23 февраля 2017 года, аккурат в День защитника Отечества, в мини-отеле «Старя Вена», что на Малой Морской улице, состоялся творческий вечер санкт-петербургских поэтов Дмитриев Григорьевых.
«Постойте, — скажет читатель, хоть сколько-нибудь осведомленный в современной петербургской поэзии, — почему Дмитриев? Насколько известно, Дмитрий Григорьев существует в единственном числе? Не спутали ли его с каким-либо иным Григорьевым, благо, фамилия не такая уж редкая?»
Таким же вопросом задавались и посетители «Старой Вены», которых было непривычно много. Литературные вечера обычно не отличаются обилием публики: приходят на них чаще всего друзья, родственники и враги выступающего поэта (а поскольку эти ипостаси в разных сочетаниях совмещаются, число слушателей редко превышает десяток).

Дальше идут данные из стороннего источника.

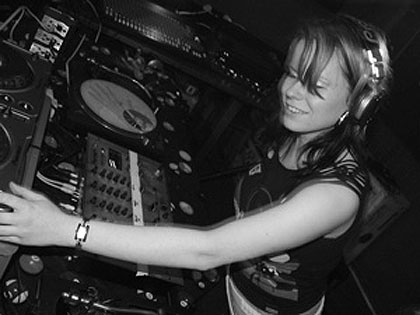 DJ Clodhopper in action... again!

На этот же раз угловая гостиная отеля, бережно хранящая в интерьере атмосферу начала прошлого века, была буквально забита публикой: сидели на подоконниках и ручках кресел, делили один стул на двоих, толпились в коридоре. Догадывались о розыгрыше, но ждали чуда. К чести организатора (которым в Старой Вене традиционно выступает Арсен Мирзаев) и самого поэта (поэтов), и розыгрыш удался, и чудо случилось — чудо настоящей поэзии.
Гостей встретил Дмитрий Анатольевич Григорьев — в изысканном бархатном пиджаке и с бабочкой, длинными волосами, аккуратно собранными в гламурный хвостик, с деликатными манерами петербургского интеллигента в третьем поколении. Некоторая нарочитость образа лишь подчеркивала искренность и подлинность прочитанных стихов, после которых слушатели просто молчали, не рискуя даже аплодировать, чтобы не нарушать звенящую тишину.
Впервые был озвучен автором цикл стихов «Синявино: обратный отсчет», опубликованный пока только на Фейсбуке и написанный в жанре лирического дневника, когда-то очень популярном в Японии (вспомним «Кости, белеющие в поле» Мацуо Басё). Из чередования небольших зарисовок в прозе и стихов возникала картина первого детского еще столкновения с памятью о войне. Когда она, эта недавняя тогда еще война, прорастала ржавым железом на дачном участке, в лесу, на озерном берегу… И как это железо, как как ландыши сквозь тела, «ставшие глиной-песком» в стихах сквозь мальчишеский восторг перед находкой немецкого пулемета прорастает взрослая боль и за павших, и за тех, кто «собирает останки войны, чтобы ими накормить вечность».
Григорьев всегда умеет на самые трагические события посмотреть с высоты неба — и тогда самолёт бросающий на землю «черные мешки смертей», становится детским рисунком, в углу которого остается след от маленьких пальцев — как обещание новой возрожденной жизни…
Наверное, именно это умение смотреть на мир сразу издалека и вблизи, рассмотреть крохотную деталь — и потом из нее внезапно пружиной раскрутить всю вселенную — и отличает поэзию Дмитрия Григорьева. Простите, — Григорьевых, ведь был еще и второй!
Он явился с распущенной гривой старого хиппи, в джинсовой куртке, увешанной значками и наградами (кстати, не бутафорскими: Григорьев работал в зоне чернобыльской катастрофы), и в воздухе повеяло сладким дымком Гоа. Этот Дима Григорьев — веселый стопщик, вечных тусовщик, у которого «глаза из дыма и голова из сосны», исколесивший Индию, поднимавшийся в Гималайские горы и куривший вместе с отшельниками под старым баньяном — читал другие стихи.
Впрочем, другие ли? Ведь в них та же удивительная способность превращать в поэзию всё: от старого шкафа до тестов Фейсбука, от утренней каши до саамских легенд, от теленовостей до фуры дальнобойщика, в кузове которой «скоропортящийся продукт: большие пачки замороженного времени». Так что к концу вечера два Григорьевых снова легко слились в одного — принимавшего аплодисменты и восхищение.